You just convert your list to array inside in function .

np.save('path/to/save', np.array(your_list))

to load :

arr=np.load(''path/to/save.npy').tolist()

I hope it will be helpful

3 Comments

And you think the OP is using numpy, why?
To develop myself, can you explain why my solution is bad ?
The OP is very obviously a beginner. Numpy is not really meant for beginners. Throwing numpy into the mix as a way to persist things is going to be confusing for a beginner.
1

There are innumerable kinds of serialization options, but a time-tested favorite is JSON. JavaScript Object Notation looks like:

[
    "this",
    "is",
    "a",
    "list",
    "of",
    "strings",
    "with",
    "a",
    {
        "dictionary": "of",
        "values": 4,
        "an": "example"
    },
    "can strings be single-quoted?",
    false,
    "can objects nest?",
    {
        "I": {
            "Think": {
                "They": "can"
            }
        }
    }
]

JSON is widely used, and the Python stdlib has a method of converting objects to and from JSON in the json package.

>>> import json
>>> data = ['a', 'list', 'full', 'of', 'entries']
>>> json.dumps(data)  # dumps will dump to string
["a", "list", "full", "of", "entries"]

You can then save your Book data to json before the program shuts down, and read from json after it starts up.

# at the top
import json
from pathlib import Path

# at the bottom of your program:
if __name__ == '__main__':
    persistence = Path('book.json')
    if persistence.exists():
        with persistence.open() as f:
            data = json.load(f)
    else:
        data = [{"name": 'John Doe', "phone": '123-456-7890', "address": '1000 Constitution Ave'}]

    book = Book(data)
    with persistence.open('w') as f:
        json.dump(f, indent=4)

Comments

0

There is no way you can do that without any external modules, such as numpy or pickle. Using pickle, you can do this: (I am assuming you want to save the myBook variable)

import pickle
pickle.dump(myBook, open("foo.bar", "wb")) #where foo is name of file and bar is extension
#also wb is saving type, you can find documentation online

To load:

pickle.load(myBook, open("foo.bar", "rb"))

EDIT:

I was wrong in my first statement. There is a way to save without importing a module. Here is how:

myBook.save(foo.bar) #foo is file name and bar is extention

To load:

myBook=open(foo.bar)

2 Comments

where does the .save method come from? Your edit looks wrong.
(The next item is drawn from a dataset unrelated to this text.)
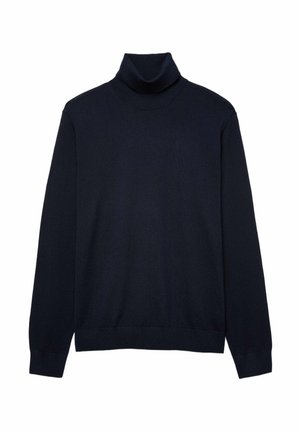 Donkerblauwe coltrui van zacht materiaal, met lange mouwen, een hoge kraag en een geribbelde halslijn en manchetten.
There definitely is a way to do this without importing a module, but that way is basically "write your own serialization method" which is without a doubt much harder.
I am not 100% sure if it works for lists, but I used it for an image, and it worked perfectly fine
0

As evinced by the many other answers, there are many ways to do this, but I thought it was helpful to have a example.

By changing the top of your file as so, you can use the shelve module.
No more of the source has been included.